However, the person who would no doubt have had the largest part to play in raising the young Bard was his mother, Agnes. Born Agnes Broun in 1732 in Kirkoswald, the eldest of six children, she received some formal schooling and was taught to read a little, but could never write. Her mother died when she was ten, and her father remarried and seemed to take little interest in her after that. She was sent to be looked after by her grandmother, Mrs Rennie, whose collection of songs and ballads would have probably inspired Agnes’s love of singing.

Young Agnes was initially engaged to a farmhand for seven years, but broke off the relationship after he was unfaithful. She married William in 1757 after meeting him at a fair in Maybole the year before, and the couple went on to have seven children – Robert, Gilbert, Agnes, Annabella, William, John and Isabella.

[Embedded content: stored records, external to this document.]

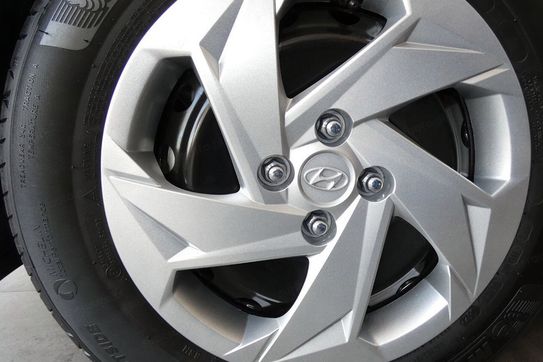 Hyundai i20 1.0 T-GDi Pure DCT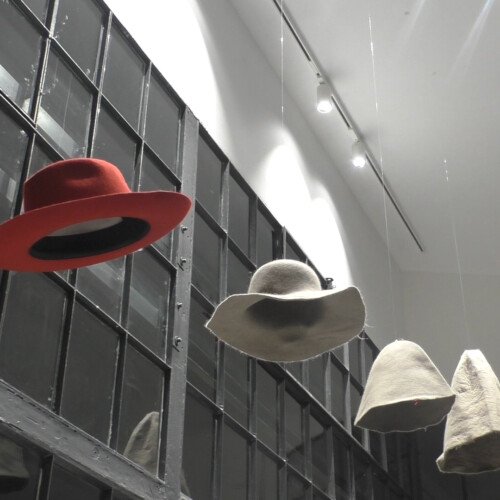 Viaggio in anteprima tra i 1400 cappelli del Museo Borsalino: “Obiettivo 10 mila visitatori in tre anni”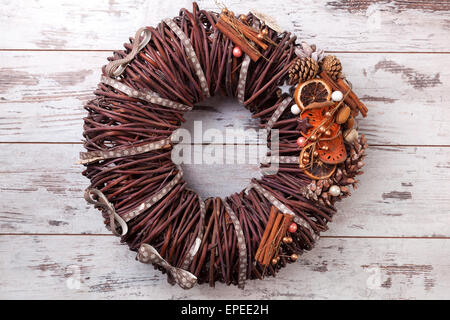 Adventskranz auf weißen hölzernen strukturierten Hintergrund mit Exemplar. Weihnachts-Dekoration. Stockfoto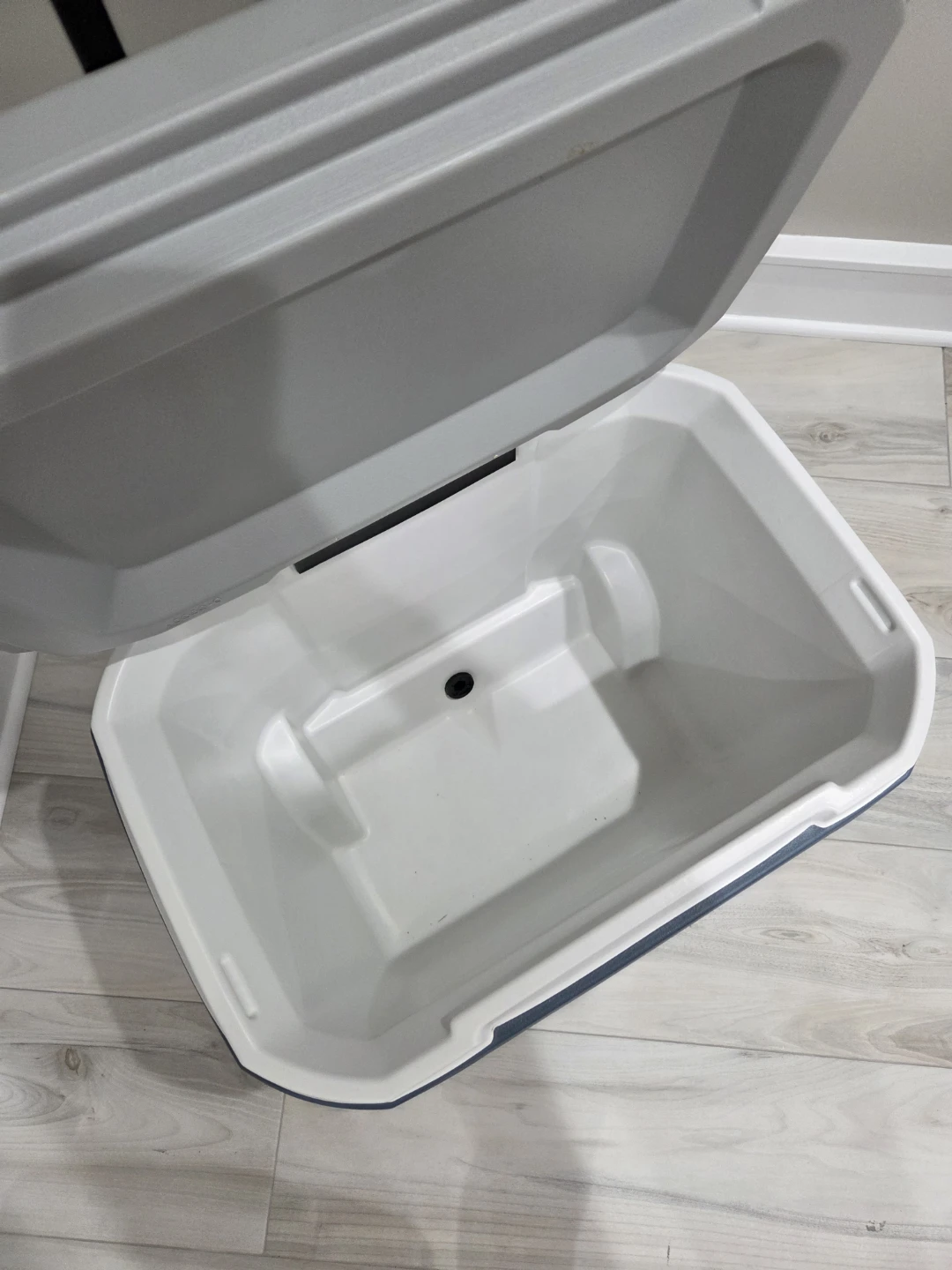 Coleman 316 Series 60-Quart Wheeled Cooler - photo 3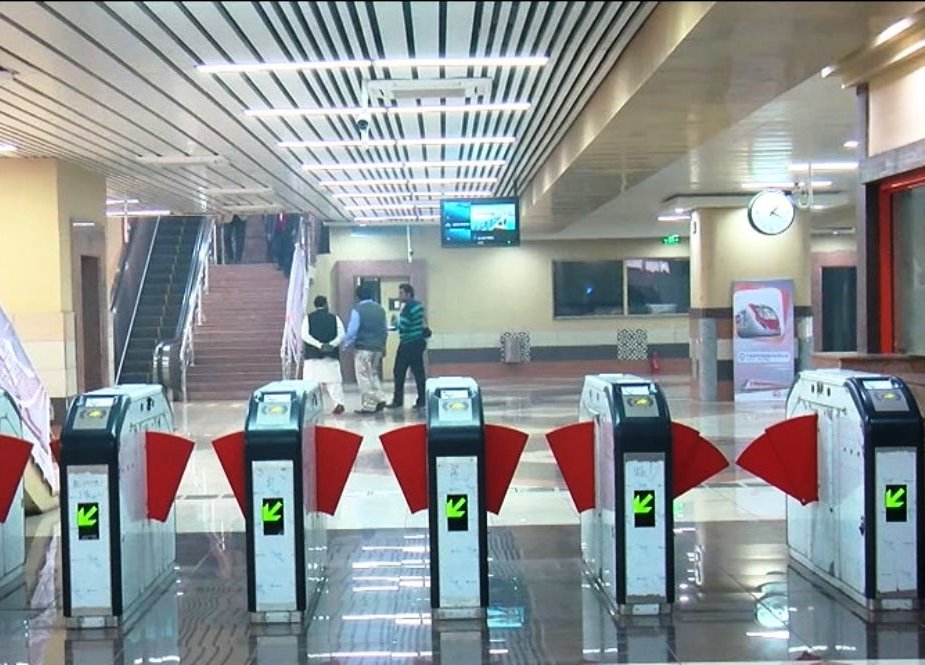 لاہور میں اورنج میٹرو ٹرین کا افتتاح  کر دیا گیا
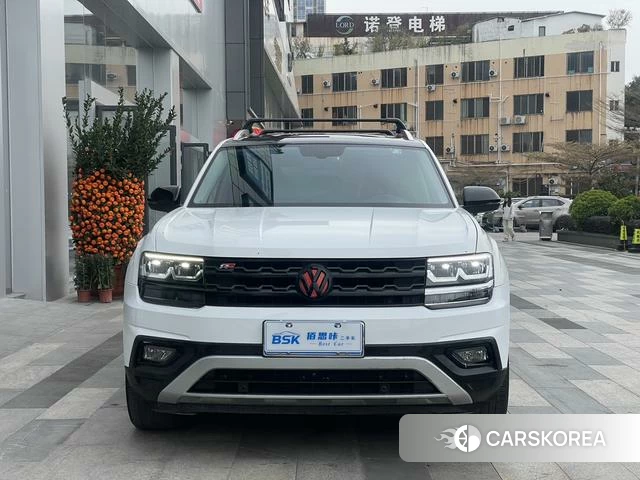 Volkswagen Tourang 2021 Белый из Китая, фото 3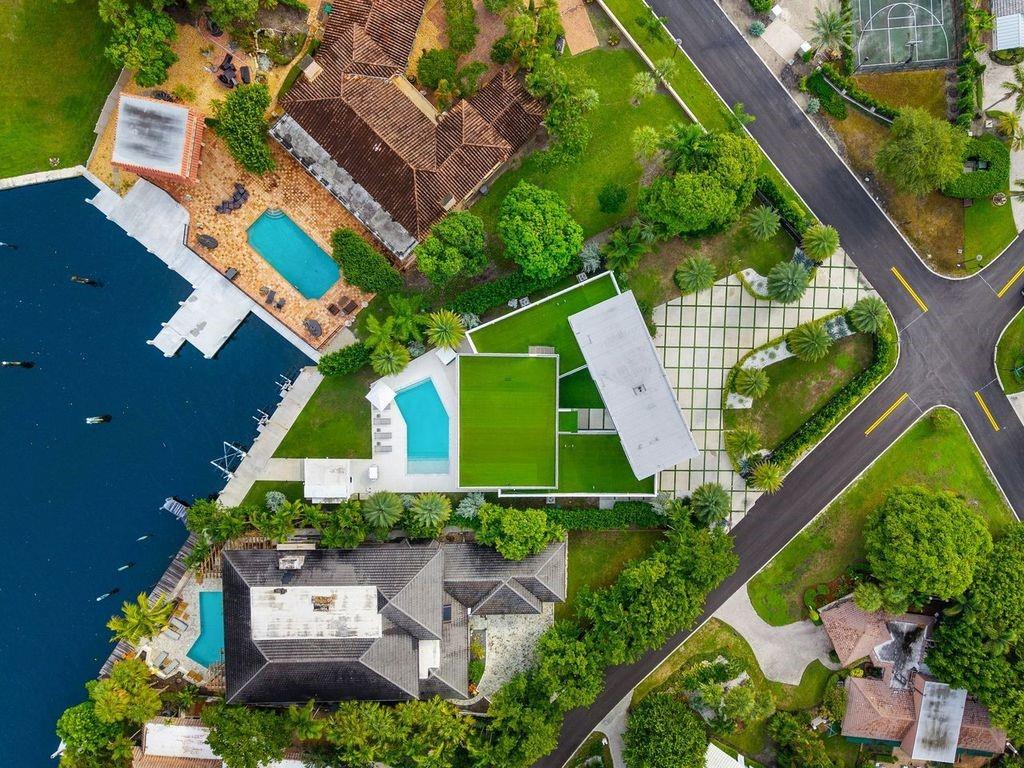 SEA RANCH LAKES - Residential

Agnes loved singing. She had a find collection of lullabies, ballads and even bawdry songs in Scots which she would sing to her children from a young age. This would no doubt have made a huge impression on the young Bard, who later went on to collect many old Scottish songs and ballads in The Scots Musical Museum. Once again, his upbringing against a background of traditional Scottish music and folklore was the perfect inspiration for future literary endeavours. Alongside her singing and domestic chores, she also played an important role in the development of the farm at Burns Cottage – she would have grown vegetables and made butter and cheese from the milk produced by the family’s cows.

William Burnes died in 1784 and was survived by Agnes for 36 years. She spent the majority of this time living with her son Gilbert and died in his home in East Lothian in 1820. Despite an inscription to her on William’s gravestone in Alloway Auld Kirk, she is actually buried in the Churchyard of Bolton. Isabella, Robert’s youngest sister, wrote this about her mother:

‘She was rather under the average height; inclined to plumpness, but neat, shapely, and full of energy; having a beautiful pink-and-white complexion, a fine square forehead, pale red hair but dark eyebrows and dark eyes often ablaze with a temper difficult of control. Her disposition was naturally cheerful; her manner, easy and collected; her address, simple and unpresuming; and her judgement uncommonly sound and good. She possessed a fine musical ear, and sang well.’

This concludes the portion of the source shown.